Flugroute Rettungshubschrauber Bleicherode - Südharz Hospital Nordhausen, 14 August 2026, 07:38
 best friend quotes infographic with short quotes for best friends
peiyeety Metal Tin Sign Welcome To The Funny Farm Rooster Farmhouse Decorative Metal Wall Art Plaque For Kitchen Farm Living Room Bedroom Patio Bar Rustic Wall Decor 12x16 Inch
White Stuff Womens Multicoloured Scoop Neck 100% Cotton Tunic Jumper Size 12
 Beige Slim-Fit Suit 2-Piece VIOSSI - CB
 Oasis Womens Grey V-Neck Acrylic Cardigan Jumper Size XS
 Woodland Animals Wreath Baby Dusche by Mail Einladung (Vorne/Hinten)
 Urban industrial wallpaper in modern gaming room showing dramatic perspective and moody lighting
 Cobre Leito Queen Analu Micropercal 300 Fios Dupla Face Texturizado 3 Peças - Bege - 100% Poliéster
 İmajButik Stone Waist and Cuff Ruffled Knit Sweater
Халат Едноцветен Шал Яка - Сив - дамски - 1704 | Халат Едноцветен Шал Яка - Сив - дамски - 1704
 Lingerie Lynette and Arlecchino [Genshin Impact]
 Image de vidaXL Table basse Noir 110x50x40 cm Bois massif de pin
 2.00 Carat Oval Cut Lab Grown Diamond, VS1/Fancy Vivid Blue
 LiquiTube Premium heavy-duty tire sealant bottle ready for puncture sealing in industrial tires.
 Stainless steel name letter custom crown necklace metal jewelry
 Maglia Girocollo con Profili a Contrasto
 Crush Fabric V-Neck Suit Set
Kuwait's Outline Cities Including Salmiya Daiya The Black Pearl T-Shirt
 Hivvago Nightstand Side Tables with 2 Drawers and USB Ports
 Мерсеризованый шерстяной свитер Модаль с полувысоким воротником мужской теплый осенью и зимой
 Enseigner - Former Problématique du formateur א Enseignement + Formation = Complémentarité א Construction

▶ TASK GOAL: In the listing above, find the line with "White Stuff Womens" and the line with "Cobre Leito Queen", then reproduce both and every line between them exactly.

▶ TASK RESULT:
White Stuff Womens Multicoloured Scoop Neck 100% Cotton Tunic Jumper Size 12
 Beige Slim-Fit Suit 2-Piece VIOSSI - CB
 Oasis Womens Grey V-Neck Acrylic Cardigan Jumper Size XS
 Woodland Animals Wreath Baby Dusche by Mail Einladung (Vorne/Hinten)
 Urban industrial wallpaper in modern gaming room showing dramatic perspective and moody lighting
 Cobre Leito Queen Analu Micropercal 300 Fios Dupla Face Texturizado 3 Peças - Bege - 100% Poliéster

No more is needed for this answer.